Stanmore Coal Limited have announced the re-opening of the Isaac Plains coking coal mine in Central Queensland, which will create about 150 news jobs.
The company has awarded a three year mining contract to Golding Contractors for the restart of the mine, which is on track for 2016.
“Challenging commodity markets have presented an exceptional opportunity for Stanmore and in early 2016 we will become an independent producer of high quality coking coal for export to the steel industry in the region,” managing director Nick Jorss said.
“We are on track for Stanmore’s first coal shipment from Isaac Plains in April 2016, benefiting shareholders and creating approximately 150 new jobs in the Moranbah region. Reopening the Mine will also restart the flow of over $7 million a year in royalties to the State of Queensland in addition to other State and Federal taxes.”
Stanmore is fully funded to commence production with existing cash reserves, significant vendor payments and a US$42 million, two-year interest facility provided by Taurus Mining Finance Fund to cover financial guarantees and contingent working capital if required.
After a competitive tender process spanning five months, Golding was selected based on an all-inclusive pricing structure which categorises activities into three operational areas, being waste removal, coal mining and coal processing.
The new mine plan results in unit FOB cost reductions of around 35 per cent relative to recent mine performance due to an optimised mine plan at a lower throughput which maximises the use of the dragline relative to truck and shovel for overburden removal; mining lower strip ratio coal in the northern pits only; competitive mining contractor and coal handling and preparation plant (CHPP) costs in the current marketing environment; and low overheads.
Queensland Resources Council chief executive Michael Roche said the announcement is “welcome news”.

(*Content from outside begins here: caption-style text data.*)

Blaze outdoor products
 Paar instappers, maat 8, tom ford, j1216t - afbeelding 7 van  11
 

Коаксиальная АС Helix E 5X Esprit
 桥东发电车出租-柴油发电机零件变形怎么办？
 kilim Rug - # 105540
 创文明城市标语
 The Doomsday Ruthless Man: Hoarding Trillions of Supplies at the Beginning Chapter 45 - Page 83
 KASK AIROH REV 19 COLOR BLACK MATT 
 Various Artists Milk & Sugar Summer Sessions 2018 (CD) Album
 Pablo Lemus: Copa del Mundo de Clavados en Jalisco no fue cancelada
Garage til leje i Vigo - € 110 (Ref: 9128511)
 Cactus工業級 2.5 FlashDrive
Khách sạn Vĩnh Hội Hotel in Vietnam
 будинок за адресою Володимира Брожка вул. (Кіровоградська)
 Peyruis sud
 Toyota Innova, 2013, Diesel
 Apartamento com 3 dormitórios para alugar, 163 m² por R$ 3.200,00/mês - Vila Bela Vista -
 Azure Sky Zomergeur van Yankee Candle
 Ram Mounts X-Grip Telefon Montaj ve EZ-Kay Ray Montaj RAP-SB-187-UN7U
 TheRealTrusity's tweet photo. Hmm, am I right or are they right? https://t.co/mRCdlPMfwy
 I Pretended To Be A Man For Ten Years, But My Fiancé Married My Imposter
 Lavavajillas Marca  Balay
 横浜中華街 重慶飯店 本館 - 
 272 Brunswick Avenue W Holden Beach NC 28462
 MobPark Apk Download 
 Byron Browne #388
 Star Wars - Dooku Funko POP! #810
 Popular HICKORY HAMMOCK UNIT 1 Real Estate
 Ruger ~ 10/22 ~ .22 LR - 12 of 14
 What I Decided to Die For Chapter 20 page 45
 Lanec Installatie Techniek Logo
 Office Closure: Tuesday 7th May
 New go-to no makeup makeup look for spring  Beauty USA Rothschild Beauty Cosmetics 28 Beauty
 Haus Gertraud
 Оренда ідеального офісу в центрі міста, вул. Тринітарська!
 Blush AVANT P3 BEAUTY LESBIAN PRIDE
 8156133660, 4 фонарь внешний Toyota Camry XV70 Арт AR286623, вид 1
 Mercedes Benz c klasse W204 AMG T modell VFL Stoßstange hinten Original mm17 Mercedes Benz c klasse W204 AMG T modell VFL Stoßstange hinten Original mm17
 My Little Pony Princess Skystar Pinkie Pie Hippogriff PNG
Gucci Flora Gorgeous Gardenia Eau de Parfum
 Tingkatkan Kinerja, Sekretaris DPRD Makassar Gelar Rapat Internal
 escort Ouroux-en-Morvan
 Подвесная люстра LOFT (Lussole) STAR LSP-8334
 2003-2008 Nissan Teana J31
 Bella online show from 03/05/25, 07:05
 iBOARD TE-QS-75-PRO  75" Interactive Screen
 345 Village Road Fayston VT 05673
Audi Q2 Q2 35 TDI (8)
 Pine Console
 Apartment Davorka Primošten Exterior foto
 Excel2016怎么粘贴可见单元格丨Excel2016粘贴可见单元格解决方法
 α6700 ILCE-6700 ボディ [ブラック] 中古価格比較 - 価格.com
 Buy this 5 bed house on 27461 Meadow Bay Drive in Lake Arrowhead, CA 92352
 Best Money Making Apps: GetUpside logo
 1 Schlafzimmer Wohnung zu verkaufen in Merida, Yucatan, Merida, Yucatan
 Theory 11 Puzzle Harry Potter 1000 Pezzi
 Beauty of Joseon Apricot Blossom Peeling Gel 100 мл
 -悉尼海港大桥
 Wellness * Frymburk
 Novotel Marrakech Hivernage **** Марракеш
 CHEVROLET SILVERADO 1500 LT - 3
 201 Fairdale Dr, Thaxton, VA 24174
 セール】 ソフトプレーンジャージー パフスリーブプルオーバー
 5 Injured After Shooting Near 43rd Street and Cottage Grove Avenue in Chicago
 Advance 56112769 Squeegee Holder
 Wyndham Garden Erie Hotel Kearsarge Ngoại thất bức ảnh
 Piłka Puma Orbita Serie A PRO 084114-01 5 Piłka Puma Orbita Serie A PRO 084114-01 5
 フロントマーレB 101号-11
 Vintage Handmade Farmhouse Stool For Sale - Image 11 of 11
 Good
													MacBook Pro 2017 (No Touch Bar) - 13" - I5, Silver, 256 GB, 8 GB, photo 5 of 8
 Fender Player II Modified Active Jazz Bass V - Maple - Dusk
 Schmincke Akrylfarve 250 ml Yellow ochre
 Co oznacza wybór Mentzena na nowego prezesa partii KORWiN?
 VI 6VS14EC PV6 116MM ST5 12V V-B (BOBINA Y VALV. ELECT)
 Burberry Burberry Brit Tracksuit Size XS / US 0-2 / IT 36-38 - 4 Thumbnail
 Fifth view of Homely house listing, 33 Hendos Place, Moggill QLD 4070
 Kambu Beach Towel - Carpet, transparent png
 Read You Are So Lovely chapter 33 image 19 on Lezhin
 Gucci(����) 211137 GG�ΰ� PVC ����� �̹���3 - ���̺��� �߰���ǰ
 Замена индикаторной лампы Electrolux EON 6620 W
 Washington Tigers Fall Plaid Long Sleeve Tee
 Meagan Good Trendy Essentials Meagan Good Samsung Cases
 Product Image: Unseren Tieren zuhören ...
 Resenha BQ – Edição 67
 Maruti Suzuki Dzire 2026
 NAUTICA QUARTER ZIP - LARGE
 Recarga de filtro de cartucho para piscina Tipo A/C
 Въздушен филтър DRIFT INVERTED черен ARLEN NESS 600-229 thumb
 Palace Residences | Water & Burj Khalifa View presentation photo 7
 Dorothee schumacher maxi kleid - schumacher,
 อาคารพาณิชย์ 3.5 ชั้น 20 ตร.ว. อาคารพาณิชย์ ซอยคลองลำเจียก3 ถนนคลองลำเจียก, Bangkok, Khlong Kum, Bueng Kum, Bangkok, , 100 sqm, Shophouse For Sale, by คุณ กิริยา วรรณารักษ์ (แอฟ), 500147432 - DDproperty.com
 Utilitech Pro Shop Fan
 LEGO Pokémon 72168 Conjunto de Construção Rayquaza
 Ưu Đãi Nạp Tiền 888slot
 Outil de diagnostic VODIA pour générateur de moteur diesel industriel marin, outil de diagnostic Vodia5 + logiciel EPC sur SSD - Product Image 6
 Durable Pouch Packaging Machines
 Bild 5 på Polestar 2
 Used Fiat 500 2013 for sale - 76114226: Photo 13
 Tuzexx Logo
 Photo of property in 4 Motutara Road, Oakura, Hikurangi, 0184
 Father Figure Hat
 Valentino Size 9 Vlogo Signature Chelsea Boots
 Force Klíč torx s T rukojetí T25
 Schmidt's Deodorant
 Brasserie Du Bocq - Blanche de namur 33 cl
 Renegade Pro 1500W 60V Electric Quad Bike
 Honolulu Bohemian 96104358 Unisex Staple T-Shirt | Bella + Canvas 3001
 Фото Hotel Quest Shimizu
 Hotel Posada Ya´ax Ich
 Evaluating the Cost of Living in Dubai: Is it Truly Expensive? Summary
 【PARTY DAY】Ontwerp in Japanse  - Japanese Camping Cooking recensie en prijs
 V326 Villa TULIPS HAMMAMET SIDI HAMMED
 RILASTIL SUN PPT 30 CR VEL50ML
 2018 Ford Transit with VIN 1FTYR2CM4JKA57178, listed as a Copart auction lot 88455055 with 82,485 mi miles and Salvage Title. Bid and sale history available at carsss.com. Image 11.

“Stanmore’s approach and ability to produce high quality coking coal for export at the bottom of the market proves there are still opportunities that exist for the coal industry despite changing and challenging conditions,” Mr Roche said.
“These 150 new jobs come at a critical time for regional Queensland, which has been hard hit by the downturn in the resources sector. Of course, there will also be the further benefit of the jobs and the investment providing a flow-on economic effect in the region.”